In particular, one of the key transformation steps is to enrich text chunks with context from outside of a given document, for example, using company-level attributes associated with the financial 10K in question. We’re releasing a new EnrichAttributes processor to make it easy for data engineers to supplement parsed documents with additional, external metadata.

Chunking

One of the areas that data engineers spend considerable time on when pre-processing complex, unstructured data in order to generate useful embeddings is the chunking strategy. Embeddings are widely used for retrieval use cases to support RAG patterns for LLM integration, and can also be used for tasks like document clustering. There are varied approaches available, ranging from naively splitting a large document five-hundred characters at a time, to advanced semantic-based chunking strategies driven by embeddings and cosine similarity techniques.

In general, there is a balancing act that the data engineer must maintain between embeddings with sufficient semantic precision, driving effective retrieval, and text chunks with sufficient richness for the generation step when these chunks are passed to a language model. Moreover, with complex PDFs, unlike HTML or markdown documents, there is no structural markup that distinguishes different parts of the document. Therefore, the ML-derived labels, discussed above, which distinguish structural characteristics of text throughout the document become very important for downstream chunking. 

Datavolo has shipped several new processors for implementing advanced chunking strategies, as well as patterns which enable A/B testing across combinations of different chunking and parsing strategies. We’ve found that patterns that combine both structural and semantic chunking, recursively, work best for classes of documents like financial 10Ks.  

Embedding and Loading

In working with data engineers and AI teams, they’ve expressed a consistent need for flexibility and composability for multimodal data pipelines. They’re seeing a lot of volatility in the path towards useful design patterns and solutions for the emerging AI stack. Given this learning, we’ve designed Datavolo to be agnostic to the embedding models, language models, and retrieval systems like vector databases that are being adopted by these teams.

Datavolo has done extensive work in the ecosystem to develop a large number of partner integrations with key parts of the AI stack. Datavolo delivers production-grade integrations, subjecting them to performance testing and secure release engineering, and commits to maintaining them over time as new functionality arises.

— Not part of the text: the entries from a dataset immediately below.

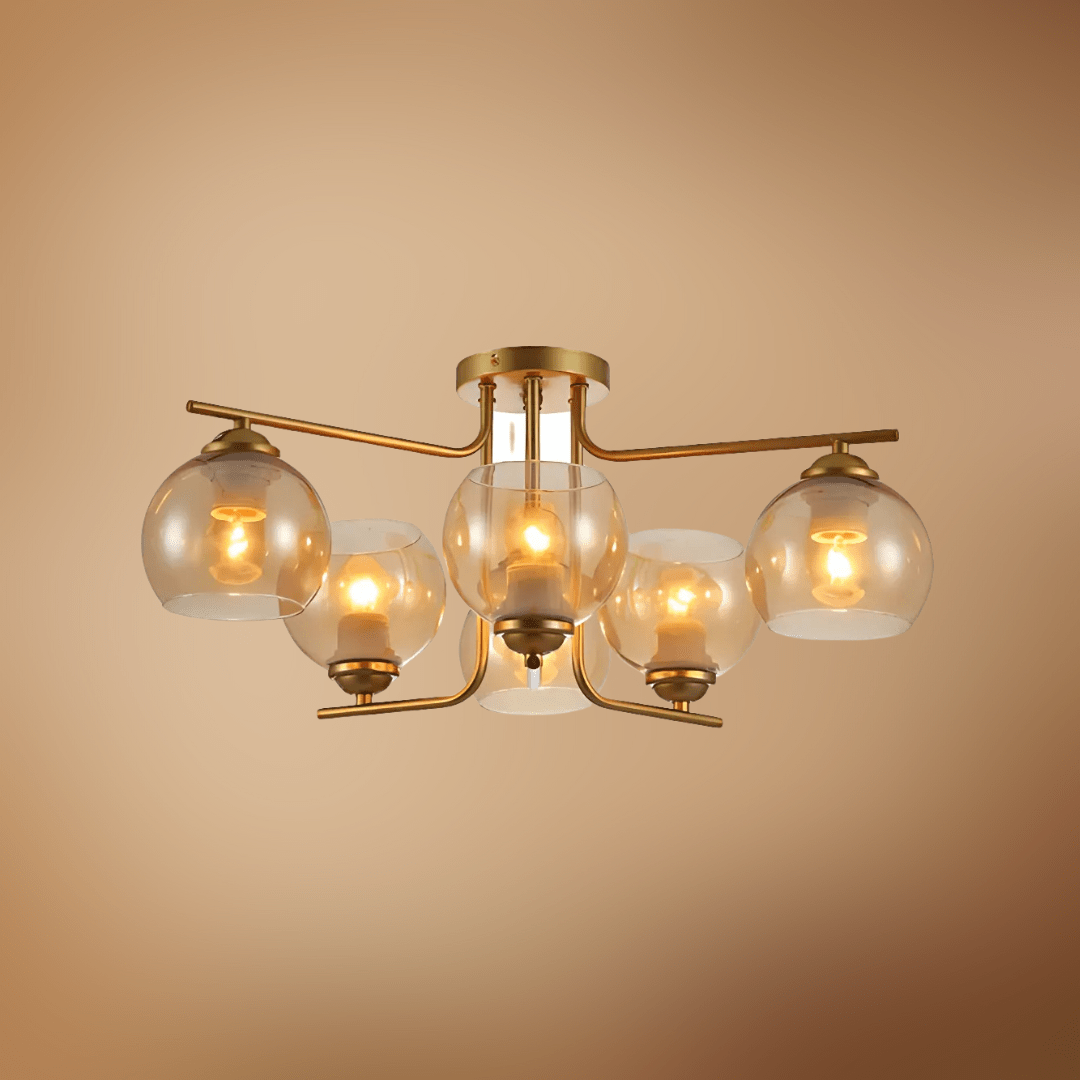 TKLD Ceiling Lights Gold 6 Lamp L shape Metal Amber Dome Glass Ceiling Light - 40W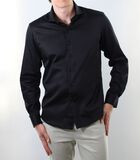 Strijkvrij Overhemd - Zwart - Slim Fit - Katoen Satijn - Lange Mouw - Heren image number 0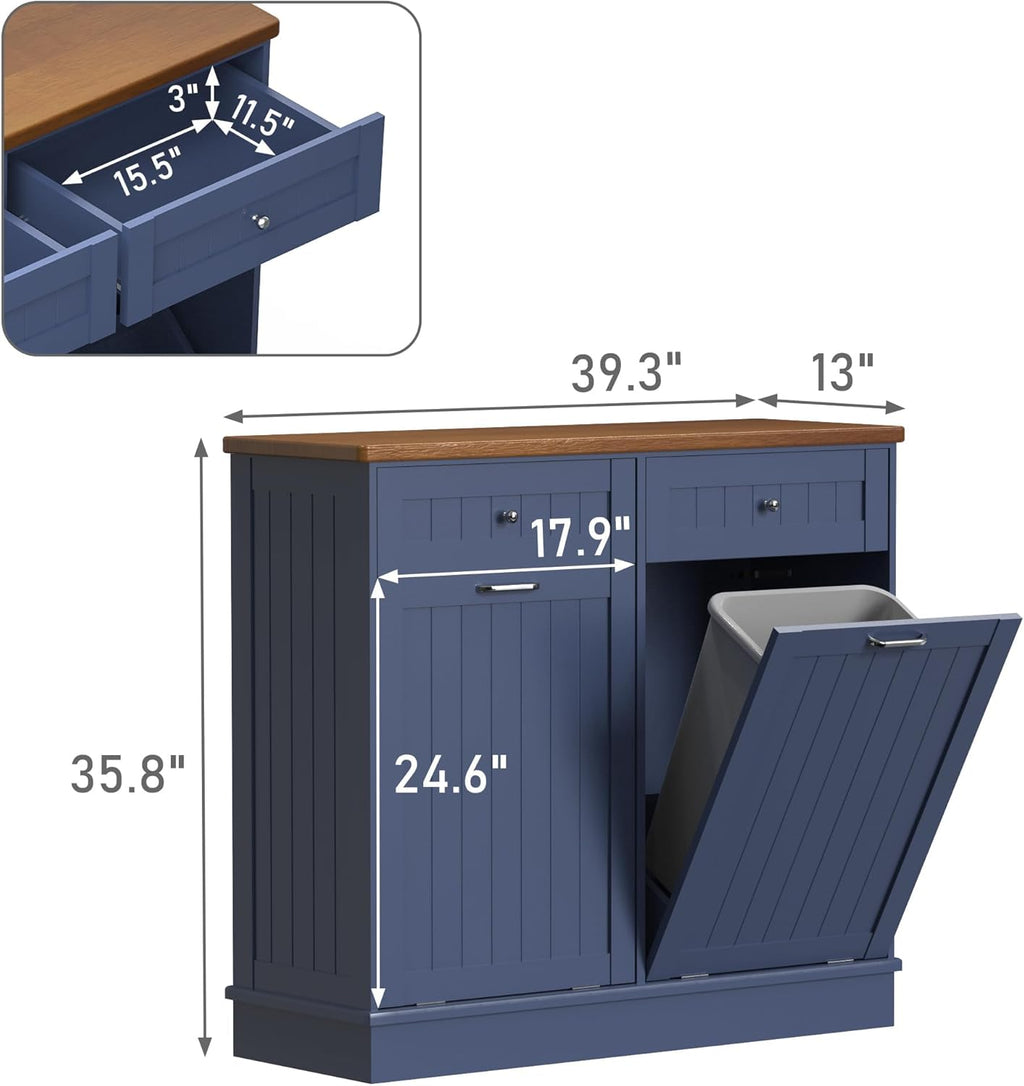 Betterhood Tilt Out Trash Cabinet 10 Gallon Wooden Free Standing Laundry Sorter Cabine,Recycling Cabine with Hideaway Drawer,Tilt Out Trash Cabinet Can Bin Kitchen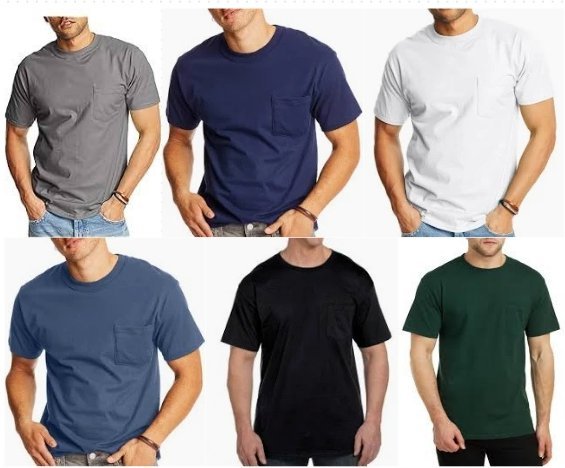 Wholesale Lot Of 36 Hanes Pocket Beefy Tees (S–3X, Assorted Colors) Each $3.48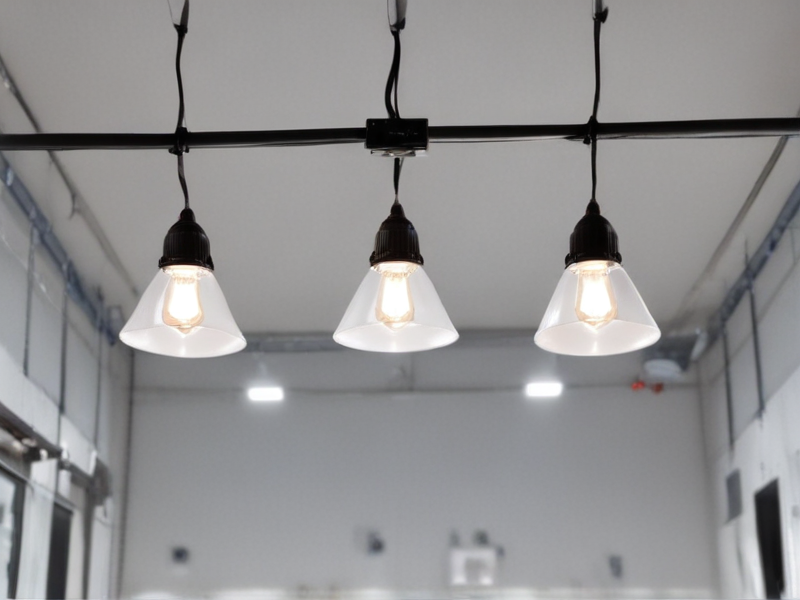 light fixture hanging by wires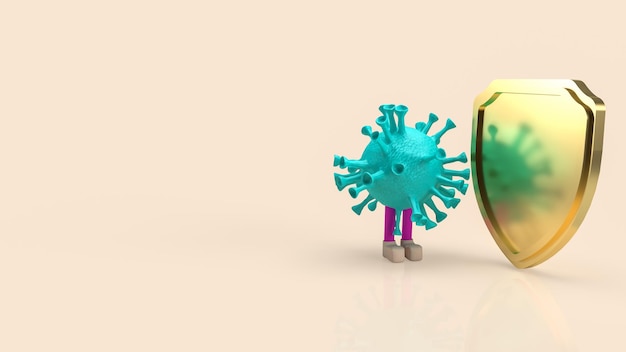 O vírus e o escudo para conteúdo médico ou sci 3d renderingxA
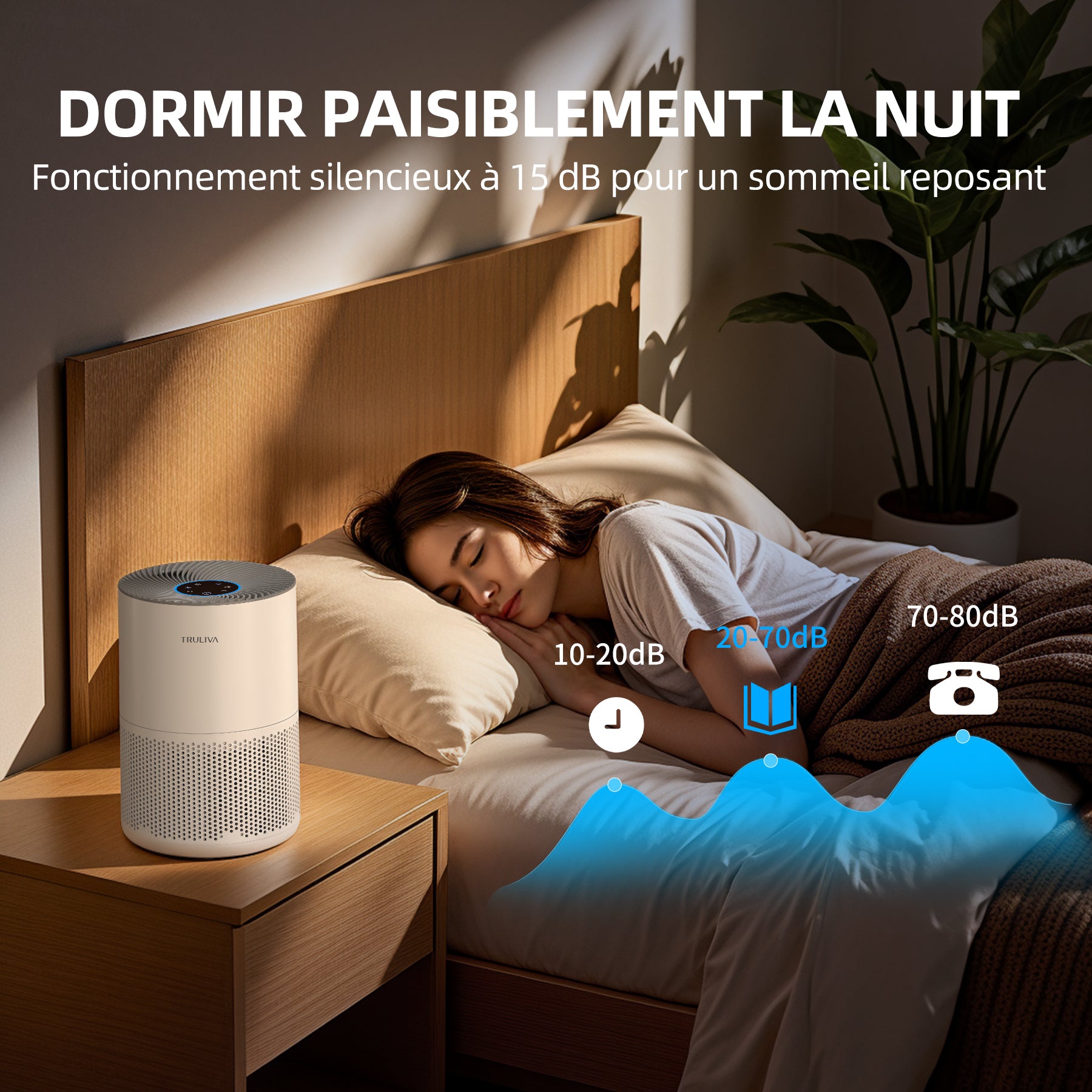 TRULIVA KJ260 Purificateur d'air CADR 260 m³/h filtre HEPA 3 étapes minuterie 24 h mode sommeil capteur de qualité de l'air pour PM2,5 fumée pollen acariens et polluants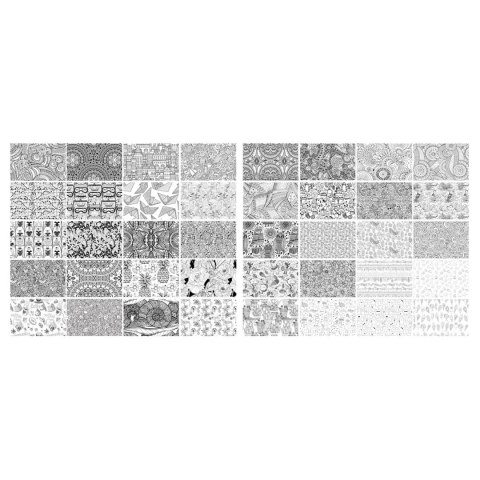 Pocztówki do kolorowania 20 arkuszy, 350 gsm, 2 rodzaje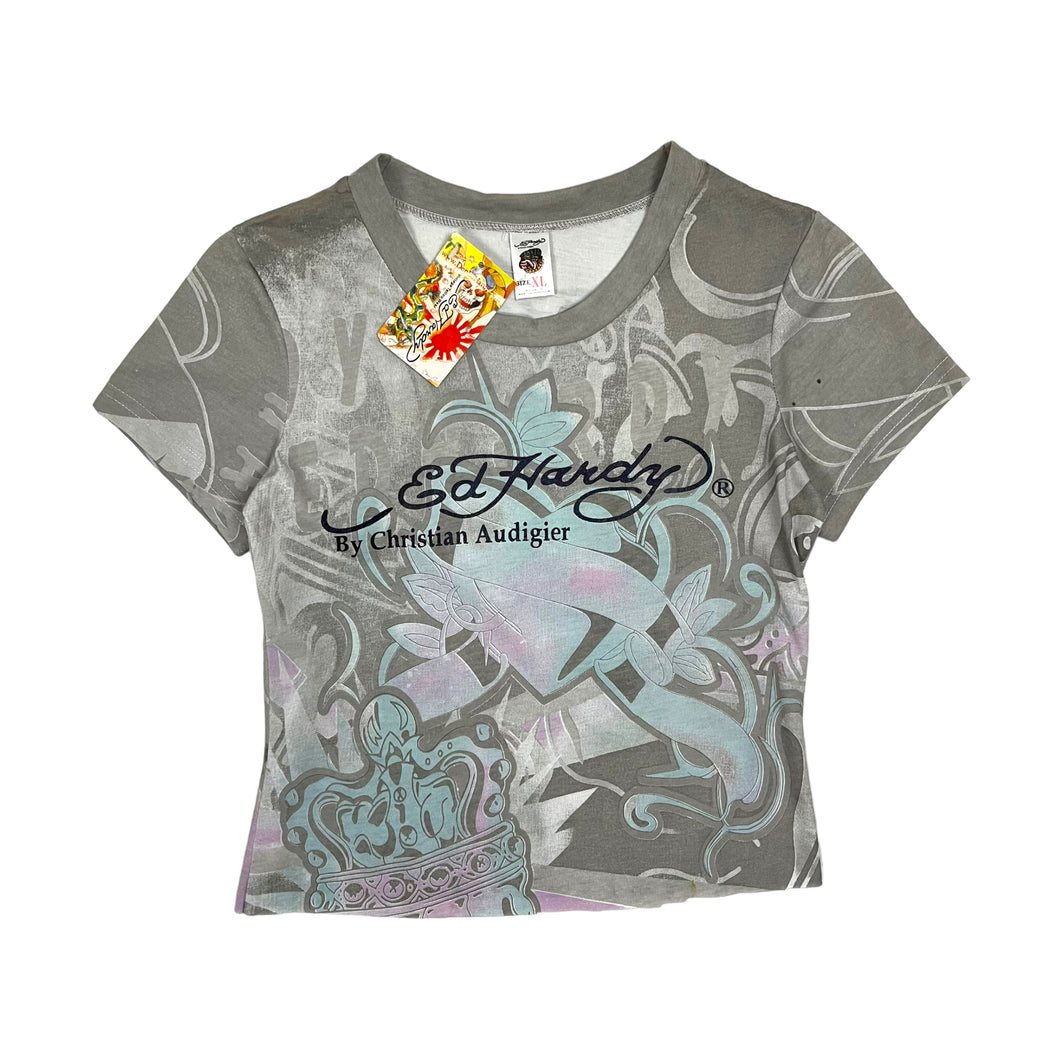 Women's Deadstock Ed Hardy Raw Hem Babydoll Tee - Size S/M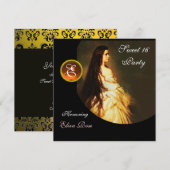 ETHERNAL BEAUTY, SWEET 16 GEEL, ZWARTE WITTE DAMAS KAART (Voorkant / Achterkant)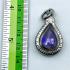 Leklai Naga Eye Crystal Healing Gem Stone Teardrop Luck Purple Thai Amulet 16573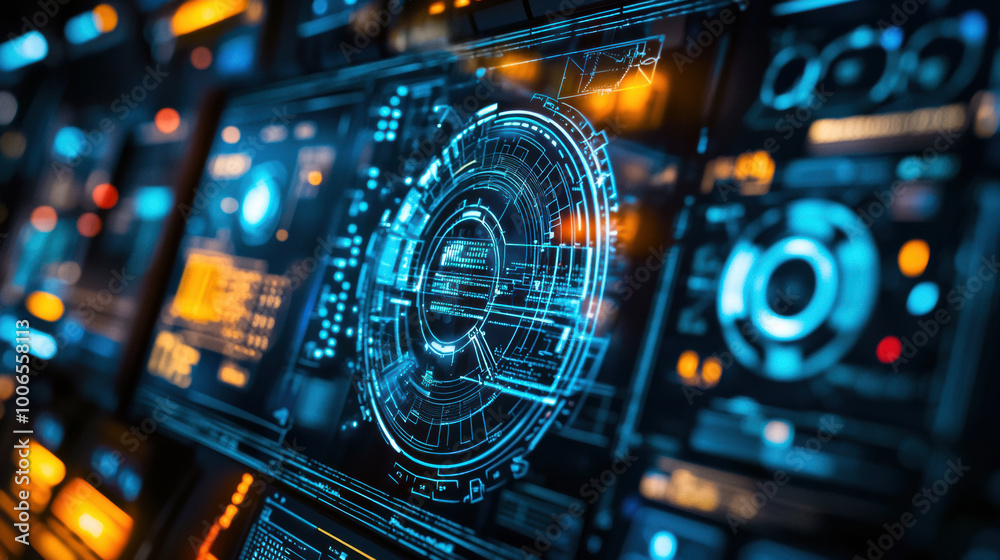 Poster futuristic graphical user interface with intricate designs and glowing elements, showcasing advanced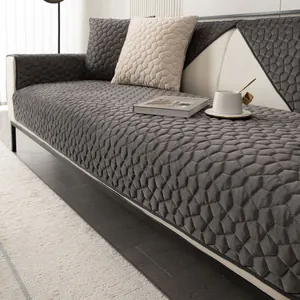 Modern Holland Velvet Sofa Cushion Cover Non-Slip Geometric Quilted Sofa Protector For Living Room Minimalist Slipcover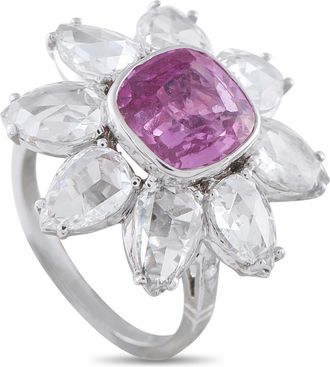 Luxury Bazaar Platinum 3.85ct Diamond and Sapphire Flower Ring MF28-031726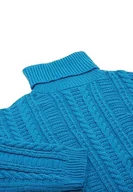 Swetry damskie - myMo Damski sweter z golfem, modny sweter turkusowy XS/S - miniaturka - grafika 1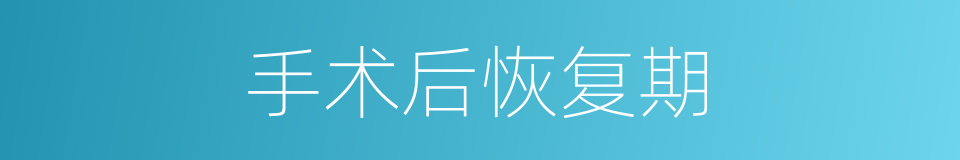 手术后恢复期的同义词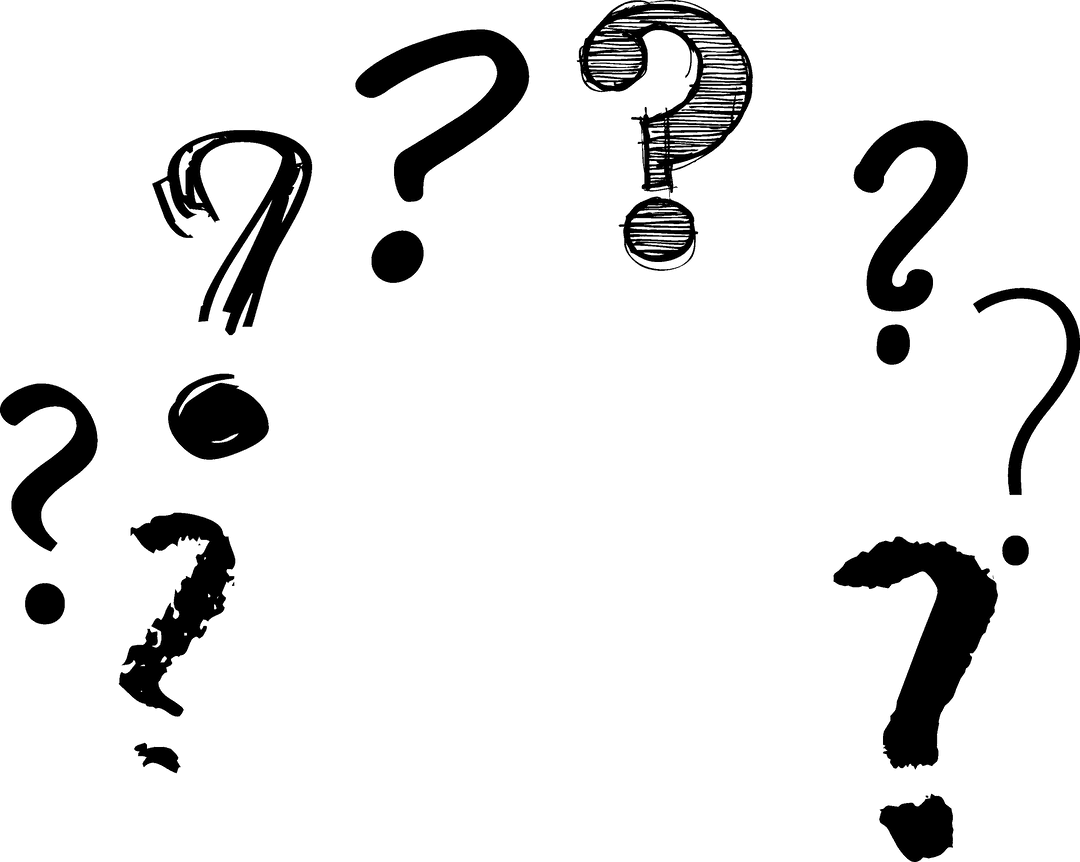 Digital Question Marks on Transparent Background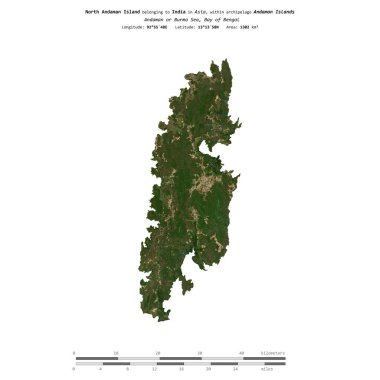 Hindistan 'a ait Bengal Körfezi' ndeki Kuzey Andaman Adası, 11 Mart 2020 'de çekilmiş bir uydu görüntüsüyle izole edilmiştir.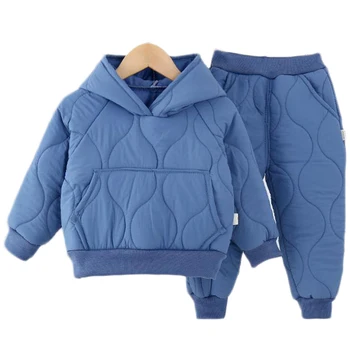Nové Zimní Dětské chlapecké Oblečení Plný Rukáv Kalhoty 2ks/set Dívka s Kapucí Udržet warmSuits Děti Oblečení Sady Batole Homewear0-5Y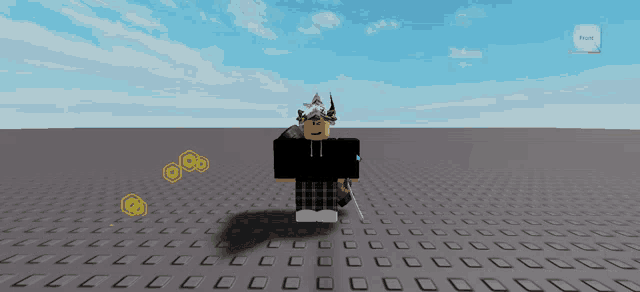 a cartoon character with a crown on his head is standing on a brick floor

Let’s close by highlighting three important aspects of loading data into vector databases, using Pinecone as an example. First, when we write vectors to a vector database, it’s critical that we store both content (the embedding weights themselves) and context (the metadata associated with the chunks that generated these embeddings). This context supports hybrid search using metadata filtering combined with semantic search, as well as re-ranking logic that uses scores associated with the content. The hierarchy of the document chunks themselves is also important context and is captured by Datavolo’s data provenance capabilities to support advanced RAG patterns like small-to-big.  

The second is that to empower data engineers to empirically evaluate retrieval effectiveness, Datavolo can dynamically populate different namespaces within a Pinecone index, based on combinations of different chunking and parsing strategies, supporting retrieval evaluation and A/B testing.

Finally, as Datavolo provides a continuous and automated platform for data ingestion, it’s important that changing data is captured appropriately as it’s sourced and fed to retrieval systems. As mentioned in the List/Fetch pattern, change is recognized via tracking strategies as new events and versions arrive at the source. Datavolo makes use of Pinecone’s upsert pattern, as well as selectively purging previously written records, to assure change is persisted appropriately without giving rise to expensive re-indexing operations.

Conclusion

Datavolo helps make advanced document processing secure, continuous, and easy. In addition to proving enterprise grade production data pipelines, effective document processing is an iterative process and Datavolo allows for rapid iteration and prototyping of different processing strategies.